» **Problem**: Reproduce only what runs from the line containing "Hey, what's going" to the line containing "So thank you" in the records below, inclusive. Keep it exact, and keep the pictures out.

» **Data for this exercise**:
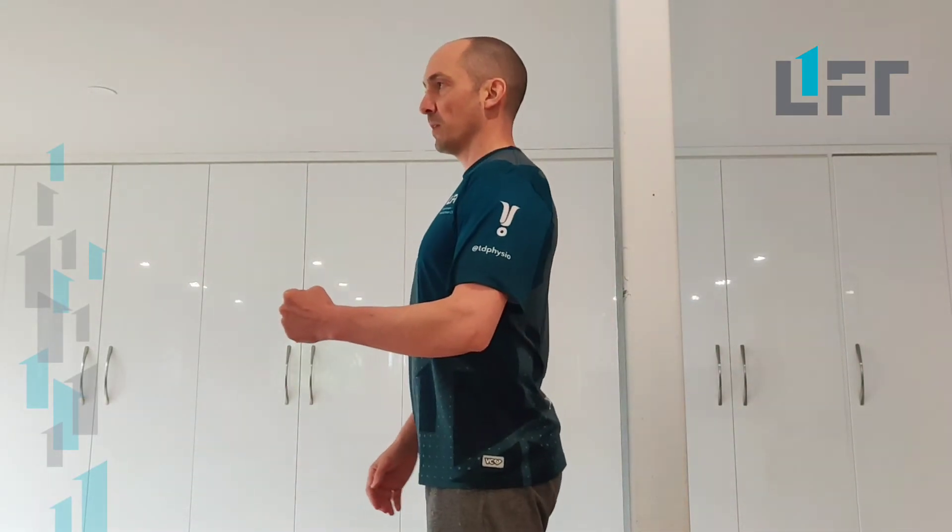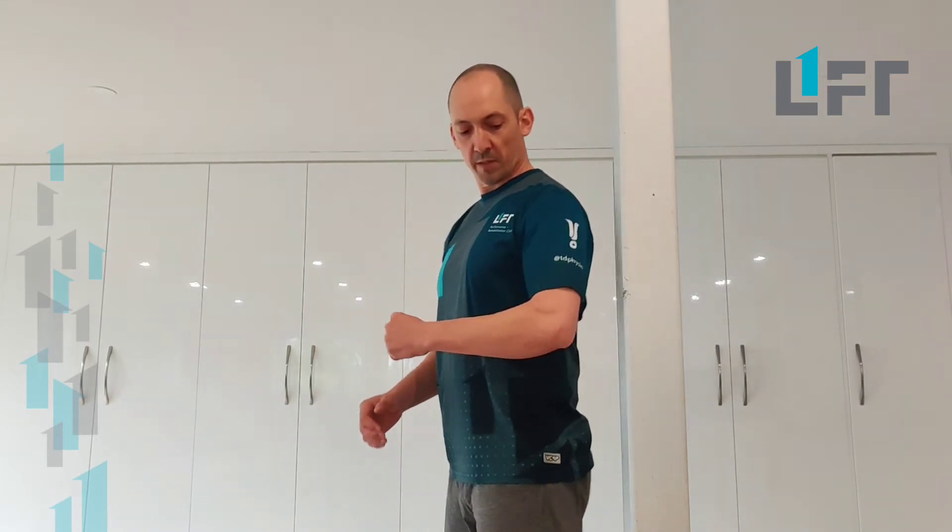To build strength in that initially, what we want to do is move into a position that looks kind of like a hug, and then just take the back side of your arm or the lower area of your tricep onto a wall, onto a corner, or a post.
---
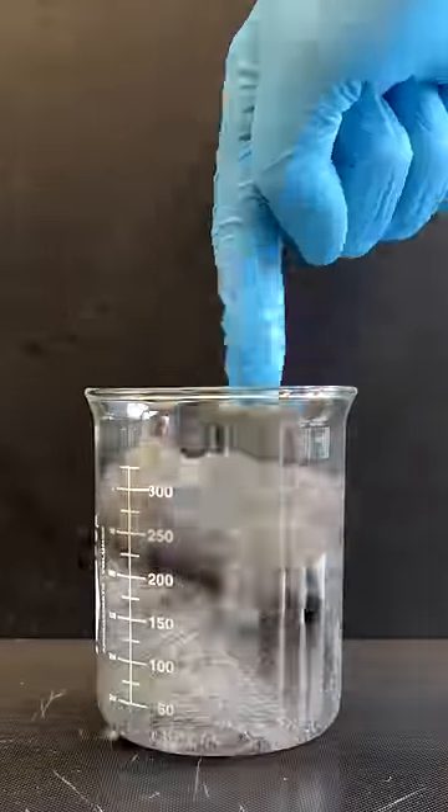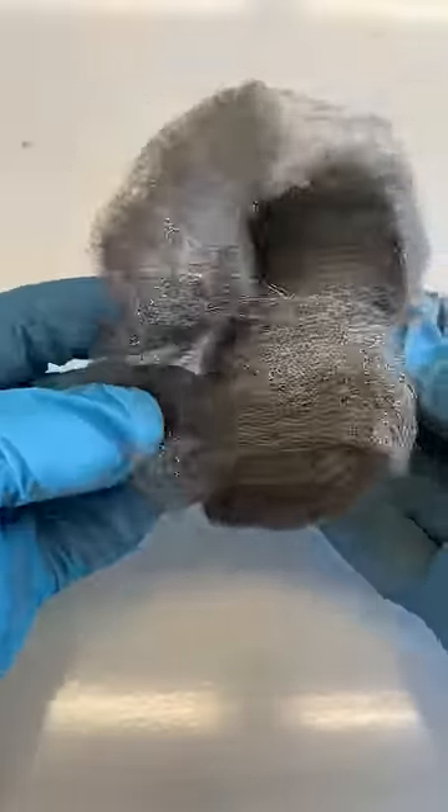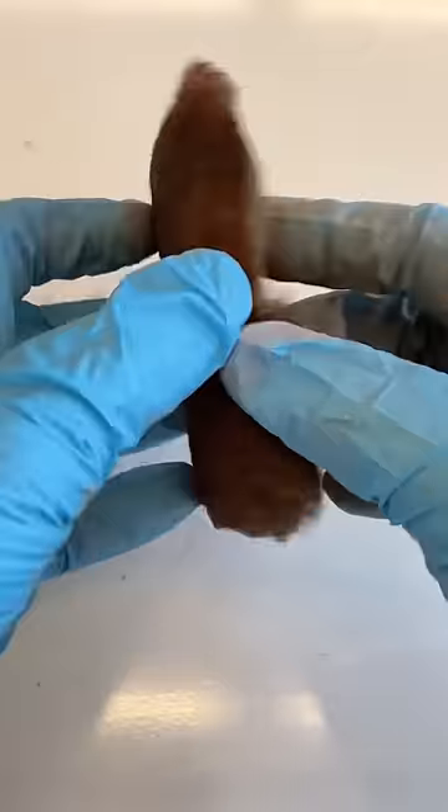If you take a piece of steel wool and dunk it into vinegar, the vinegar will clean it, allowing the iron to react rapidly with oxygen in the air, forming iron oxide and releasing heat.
==
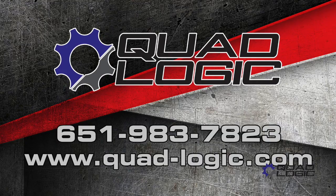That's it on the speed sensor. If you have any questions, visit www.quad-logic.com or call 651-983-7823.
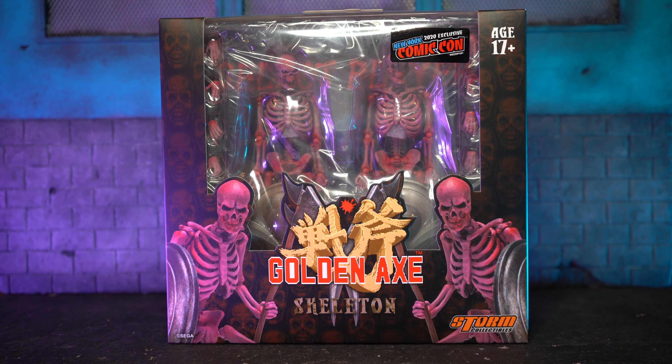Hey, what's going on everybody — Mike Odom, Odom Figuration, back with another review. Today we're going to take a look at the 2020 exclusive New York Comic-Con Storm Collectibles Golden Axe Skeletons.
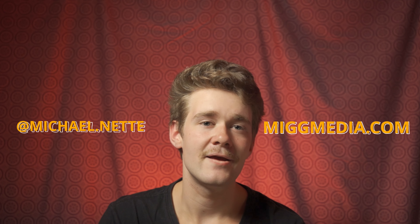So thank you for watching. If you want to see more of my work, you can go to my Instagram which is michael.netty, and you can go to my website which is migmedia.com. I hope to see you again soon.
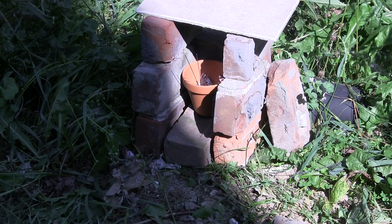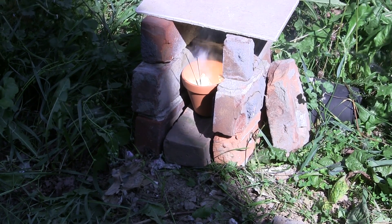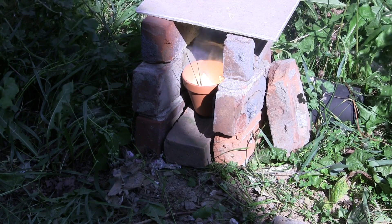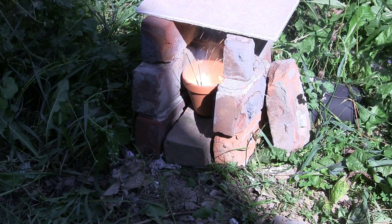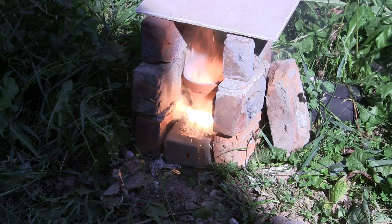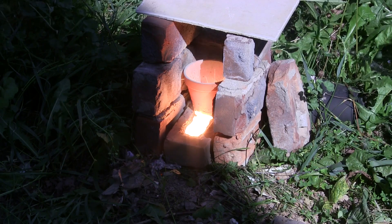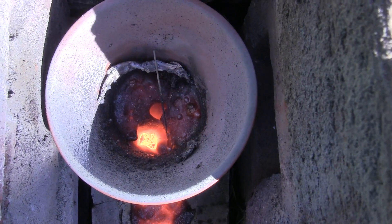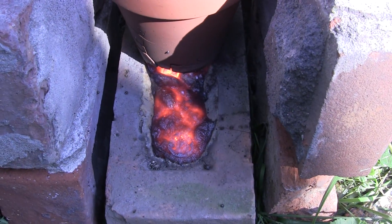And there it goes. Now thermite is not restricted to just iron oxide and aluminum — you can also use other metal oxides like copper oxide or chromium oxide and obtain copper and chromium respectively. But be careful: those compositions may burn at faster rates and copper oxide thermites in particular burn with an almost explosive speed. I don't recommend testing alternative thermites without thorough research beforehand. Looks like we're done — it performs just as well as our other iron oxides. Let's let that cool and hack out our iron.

» **Result of the task**:
Hey, what's going on everybody — Mike Odom, Odom Figuration, back with another review. Today we're going to take a look at the 2020 exclusive New York Comic-Con Storm Collectibles Golden Axe Skeletons.
So thank you for watching. If you want to see more of my work, you can go to my Instagram which is michael.netty, and you can go to my website which is migmedia.com. I hope to see you again soon.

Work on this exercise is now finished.